Share your dilemmas and get honest opinions from other Mumsnetters.

To think that when you take your child on holiday with you....

49 replies

Amannlyed · 26/02/2010 12:56

You should at least let him out of the buggy once in a while?? And bring him at least one to play with???? Sorry, but I am goin to have a rant.

I have just come back from a week in Lanzarote with my DH and DD. We were with a friend and her family (met in birthing class, have DDs who are same age) She also has a son (who is now 15months)

Everyday we spent with them, their little boy was in his buggy. The only time they let him out was to put him in a high chair to feed him and to put him in his cot.
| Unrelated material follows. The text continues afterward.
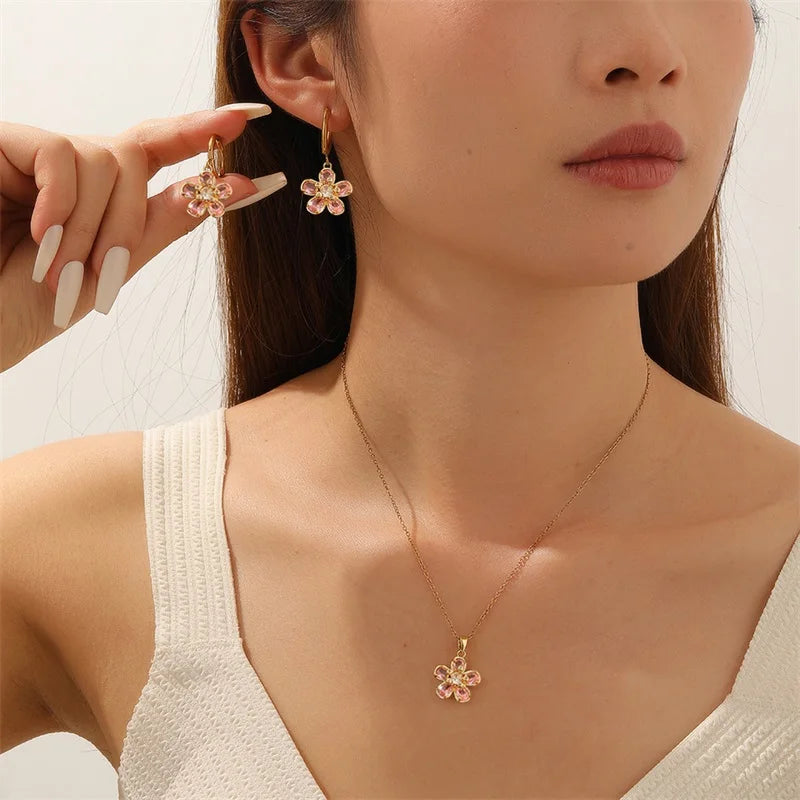 EILIECK Trendige Damen-Ohrringe mit Blumenmuster und rosa Zirkonia, Edelstahl, wasserabweisend, für den Alltag, Schmuck, Geschenk für Damen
The weather was very good, and while my DD and her DD got to go in the pool everyday and also into the sea (with their dads) He wasn't allowed into the pool or to put his feet into the sea, he was however, able to watch us all from the comfort of his buggy. He had no toys to play with, they didn't think they would need them but her DD had her toys with her. My friend had said that there wasn't enough room in the cases. Just in case you are wondering, for a weeks holiday in lanzarote, she brought 3 cases. But there wasn't enough room for a toy.

We were all staying in the same apartment complex and we had gone to their apartment for lunch, their boy was out of his buggy (yay) and was crawling around on the floor. He pulled himself up and stood against the table. I was encouraging him, along with his sister, to try and walk towards us. He was maanaging one step and then falling onto his bum. My friend said that we should stop as she didn't want him learning to walk just yet She would rather not spend the rest of the holiday chasing after him, and she was concerned that he would fall on the tiles and hurt himself.

On top of this he was having about 6 naps during the day and she spent the entire holiday moaning about how he wouldn't sleep at night, he just wanted to play. He would get up at 6:30am, they fed him, put him in his buggy and walked around with him along the beach etc, he would fall asleep. They would wake him at lunchtime to feed him, then he would go straight back into his buggy and would fall asleep. If he woke before 3pm, he would get rocked in the buggy til he went to sleep. He would then be taken to their apartment, where he would 'go down for a nap'. While she would complain that probably wouldn't sleep again tonight and how hard it was to keep him entertained etc etc. After his nap, he would be taken down to dinner, he would be given about ten minutes crawling about on the floor of the apartment and then put back in his buggy. No one was allowed to take him out of the buggy to play with him or hold him. At 7pm it would be time for his bed. Surprisingly, he was never tired at this point and just wanted to play.

I kept thinking that it was really sad and I felt sorry for the boy, every time I had a chance to hold him, she would make comments about how I was 'giving in to him' by giving him a cuddle and let him crawl about beside me. My DH said that we shouldn't say anything to them as we might upset them and they might not talk to us...

I had a terrible holiday

OP posts:
Amannlyed · 26/02/2010 13:34

Well, I had DH speak to him on the last night. But her DH seems to think it would be easier to let his wife do what she thinks is right. He is a very nice man, and it would appear that he does care for his son, but he wife wears the trousers in the relationship and there is not much he can do. He does moan at her, but like I said she just dismisses him.

DH told him to be a man and to stand up for his children (DH thinks he needs to grow a pair)

OP posts:
StealthPolarBear · 26/02/2010 13:36

well hopefully he'll thikn that through
is 16 months late to be walking? Hopefully the HV will pick up on it

Amannlyed · 26/02/2010 13:40

Stealth - her mother does whatever she tells her. She has her under her thumb. Her mother ens up agreeing with her on her 'parenting techniques'

The thing that I really judge on (before the holiday) is at about half six, she would come into the play room (where he was crawling about and playing) lift him and take him to his room, plonk him in his cot and put the tv on (yes he has one in his bedroom) and leave him there for tv time, where watched cbeebies or other nonsense until its official bedtime, when she puts tv and light off. The first time I saw it I said it was bad for him, she should just let him play. But she wanted him out the way so she could clean up and entertain her guests. I think she has done tv time since he was about 1yr old

OP posts:
StealthPolarBear · 26/02/2010 13:43

oh god
can imagine doing that if he was overtired, grumpy etc but as a one off
does she ever interact with him? Kiss him / chat to him?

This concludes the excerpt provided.